Thank you, Glenn Garvin, for paying attention. The Miami Herald columnist reports what the rest of us were too preoccupied to notice:
In an order to the University of Montana that they labeled “a blueprint for colleges and universities throughout the country,” Obama’s Justice and Education departments created a sweeping new definition of sexual harassment as “any unwelcome conduct of a sexual nature,” including “verbal conduct.”
(Or, as those more familiar with the English language call it, speech.)
Who gets to define “unwelcome”? The listener and the listener alone — no matter how high-strung, neurotic or just plain pinheaded that person is. The feds’ letter is quite explicit: the words don’t have to be offensive to “an objectively reasonable person” to be considered harassment.
Given that standard of guilt, it’s perhaps not very surprising that the government says anybody accused of harassment can be punished even before he or she is convicted.
Mr. Garvin goes on to identify a partial list of authors whose provocative works stand in danger of censorship under these new edicts: Shakespeare, Harper Lee, Tennessee Williams, Robert Frost, and Anne Frank, to name a few. He then continues:
But surely, you say, surely nobody will take the letter of the law to such absurd extremes. And surely you are wrong: They already have. Brandeis University went after a professor for uttering the word “wetback” during a lecture — no matter that he was criticizing its usage.

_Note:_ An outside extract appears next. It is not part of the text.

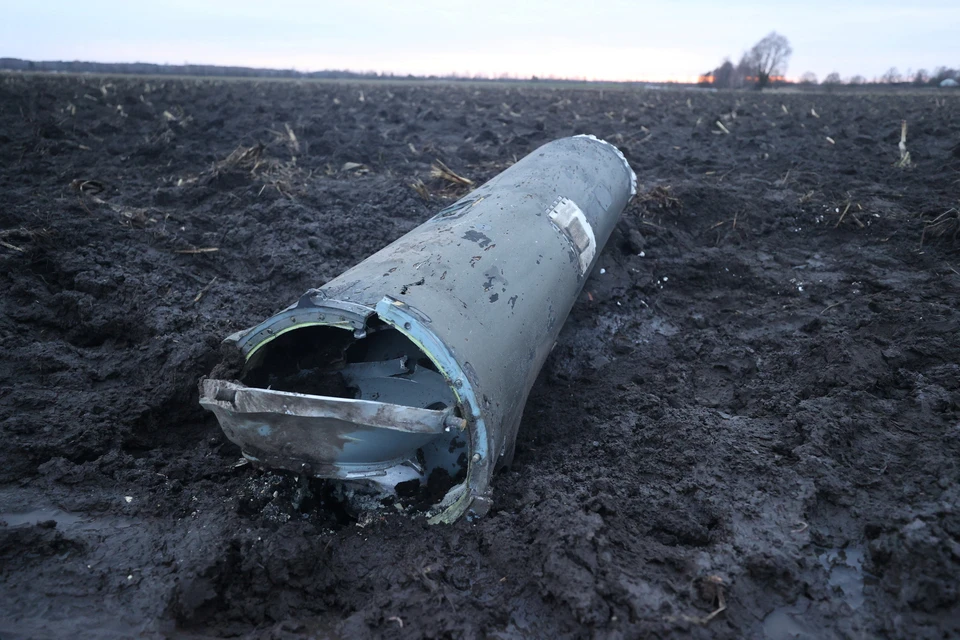 В Минобороны Белоруссии допускают, что инцидент с падением украинских ракет был неумышленным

A janitor at Indiana University-Purdue University Indianapolis was disciplined for reading a disapproving book on the Ku Klux Klan. Marquette ordered a graduate student to remove a “patently offensive” quotation by Dave Barry from his door: “As Americans we must always remember that we all have a common enemy, an enemy that is dangerous, powerful, and relentless. I refer, of course, to the federal government.”
So what do we have here? If someone takes offense, even where any “objectively reasonable person” would see no cause for offense, the perpetrator is guilty without recourse to due process or appeal.

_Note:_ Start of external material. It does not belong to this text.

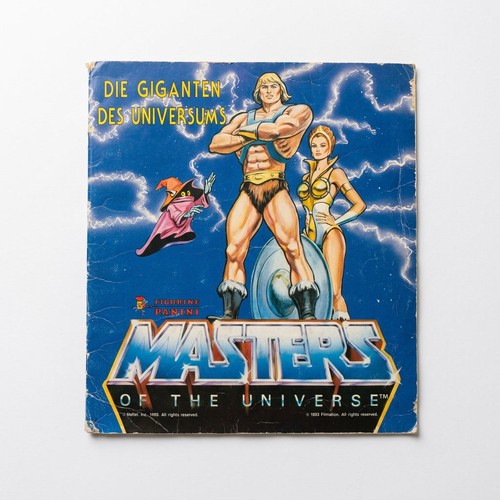 Man masters the universe - masters, of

In a land of political correctness run amok, feelings are the ultimate currency of social interaction. Reason, logic, intellectual discipline, objective reality — none of these mean a thing if there is the slightest risk of hurt feelings.
Or perhaps there is a deeper fear. Not the pain of hurt feelings, but the pain of having to think, the pain of developing a work ethic, the pain of personal accountability. Apparently, the truism of no pain, no gain applies only in the gym and not in the halls of academe.
Is this really what we want for our children? Is it really what we want for ourselves? Or are those questions simply too painful to think about?